# checking cam lean on a draw board



## Tallybowman (Dec 2, 2008)

How exactly do you check for cam lean using a draw board? Do you take an arrow or straight edge and place it on the cam and see if it is parallel to the string?

Are you supposed to have zero cam lean at full draw or is the cam lean dependent on where the bow tunes best?


Thanks for the help


----------



## Rootbeer LX (Jan 2, 2010)

Are you talking top or bottom cam? I have a vertical draw board so when I draw my bows back (fully decked out as if I was shooting) I can stand behind the bow and lok down the string to see if the cams are good to go. You can adjust the top via the split yoke,however,the bottom is no as simple. Sometimes swapping the limbs around can get the bottom "straighter" and some times not.


----------



## fotal (Jul 25, 2011)

Hold an arrow shaft on the side of the cam, parallel to the string, you can see how much deflection there is, tighten the yoke cable to the cam axle on the side that the arrow is pulled away from the string, (1 twist might bring it in 1/8") check top and bottom cams., As you get closer only one cam will need adjustment. Check your setup with a bare-shaft into the target from 20 yards or so.


----------



## Tallybowman (Dec 2, 2008)

SO you do check the cam lean in the full draw position? Is it more important to have zero cam lean at full draw or a perfect bullet hole? I ask only because I have not been able to get a perfect bullet hole with this bow. It is an Hoyt alpha elite with fuel cams. That is one reason I built the draw board.


----------



## crawford1 (Sep 20, 2010)

I have Kwik Shooter that i check cam lean with at full draw. On my Hoyts, i seem to have the top cam leaning slightly to the left for a right hand shooter.

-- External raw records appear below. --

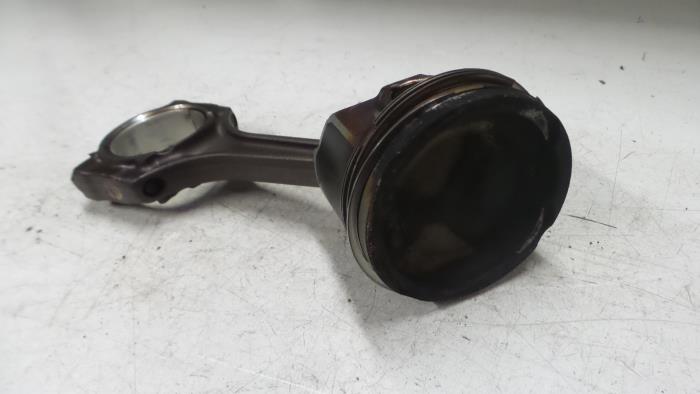 Zuiger Alfa Romeo Mito (199A8000)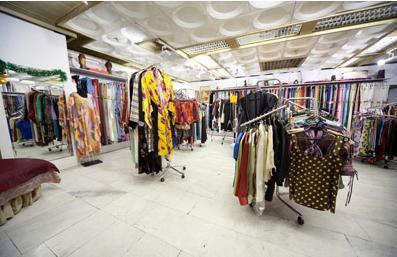 服裝代理:多少錢拿貨?掌握商機,開啟創業之路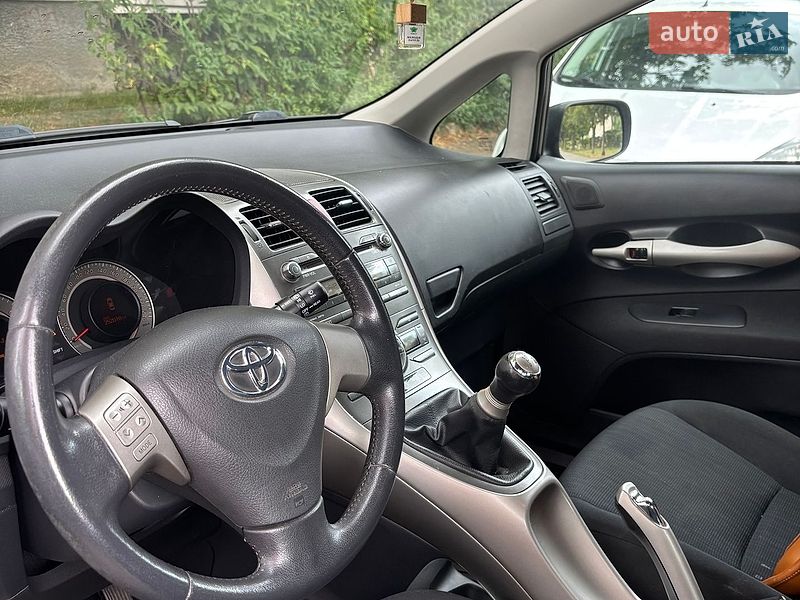 Фото Toyota Auris з оголошення AUTO.RIA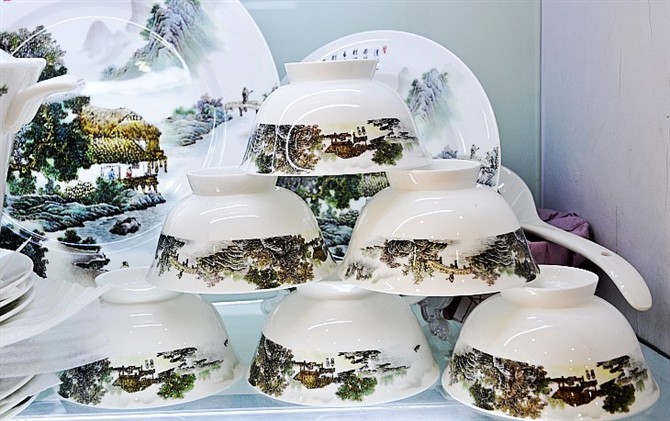 景德镇陶瓷餐具 高端家居的品味之选，价格解析与投资建议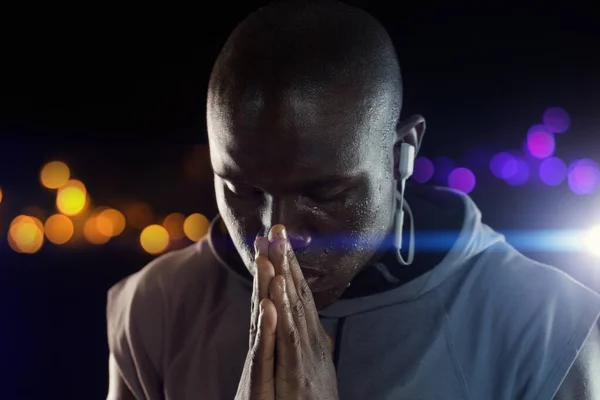 Мовчазні Молитви Йдуть Довгий Шлях Студійний Знімок Молодого Спортсмена Який — стокове фото
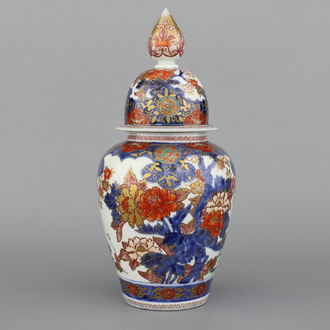 Vase couvert en porcelaine de Japon Imari, 18e-19e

On most single cam bows it seems to tune better with a straight top cam. I play with the cable yokes when everything else doesnt seem to get a perfect bullet hole. If your not getting a perfect bullet hole it could be your bow grip,arrows,release, draw length and even how the string is touching your face{nose/cheek} on release. Just play with the top yokes and see if the paper hole gets better or worse. I would try 1/2 twist on one side of the yoke at a time.


----------